Saturday, November 10, 2007

Fun Introductory Software Projects

I've taught some evening/weekend courses in software development over the years. Usually I've taught adults, but sometimes I've had the chance to work with some talented kids too - from about 12 to 17 years of age. I have to admit, working with the kids was great. Someone recently suggested that I write up some of the projects that were done during these courses. I've always had students come up with their own ideas: I'm a big believer that if you come up with your own idea for something to work on, you'll be genuinely motivated. Therefore, I really suggest coming up with your own concept if you're looking for a project to work on... In case you're looking for some inspiration though, here are some of the types of things people in my courses have done. Have fun!

  • A version of the famous "snake" video game.
  • A really neat original 80's style arcade game which involved shooting a mothership and picking up space junk floating around on the screen to augment one's own spaceship.

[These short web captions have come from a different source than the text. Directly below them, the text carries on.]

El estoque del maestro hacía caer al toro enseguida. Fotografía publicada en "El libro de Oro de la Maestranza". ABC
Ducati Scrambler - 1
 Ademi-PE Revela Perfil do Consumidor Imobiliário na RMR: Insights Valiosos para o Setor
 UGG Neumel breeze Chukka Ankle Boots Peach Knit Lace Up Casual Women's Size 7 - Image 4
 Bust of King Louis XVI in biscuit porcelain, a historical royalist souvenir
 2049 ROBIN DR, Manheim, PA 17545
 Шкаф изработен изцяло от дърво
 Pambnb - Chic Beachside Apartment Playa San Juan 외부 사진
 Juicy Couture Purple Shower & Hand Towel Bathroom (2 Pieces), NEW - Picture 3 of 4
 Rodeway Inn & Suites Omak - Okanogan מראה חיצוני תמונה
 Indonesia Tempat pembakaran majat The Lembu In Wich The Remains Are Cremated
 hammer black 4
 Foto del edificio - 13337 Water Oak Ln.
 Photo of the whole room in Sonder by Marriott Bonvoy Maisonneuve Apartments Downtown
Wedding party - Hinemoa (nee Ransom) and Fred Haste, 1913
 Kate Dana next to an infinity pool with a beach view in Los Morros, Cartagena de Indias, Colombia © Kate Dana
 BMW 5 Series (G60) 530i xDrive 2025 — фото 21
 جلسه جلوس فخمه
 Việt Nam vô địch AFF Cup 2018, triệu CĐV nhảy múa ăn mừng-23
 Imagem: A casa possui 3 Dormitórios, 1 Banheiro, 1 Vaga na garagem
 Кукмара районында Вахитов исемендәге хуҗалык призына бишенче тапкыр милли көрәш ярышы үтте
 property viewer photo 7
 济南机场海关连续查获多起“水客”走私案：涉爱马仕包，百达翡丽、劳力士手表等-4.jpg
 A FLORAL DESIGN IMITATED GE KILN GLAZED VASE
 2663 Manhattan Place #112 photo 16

Let me tell you, it's quite an experience asking about how the swarming bullets were done and getting the reply "Oh, it's a very simple algorithm, but the swarming is emergent behaviour" from a 13/14 year old.
  • A simple contact manager which you can enter people's information and pictures into. This program used a file to store its data, so all of the storage/retrieval routines had to be written from scratch as opposed to using a database program, which proved quite instructive to the developer.
  • A very impressive network multi-player game along the lines of Warcraft (albeit much simpler). The programmer did good work with path-finding and making sure all players were in sync. The players were happy faces of different colors which became sad faces as you attacked them.
  • An online pizza-ordering application. I recall some good discussions about the user interface and whether it was ok to allow people to order who didn't want to enter in their credit-card information.
  • A chat program along the lines of ICQ/Instant Messenger
  • A "Towers of Hanoi" program in which the user could select the number of disks. The user could play the game him/herself or let the computer solve the puzzle. A challenging bonus (which in this case was not implemented) would be to incorporate a "hint for next move" feature.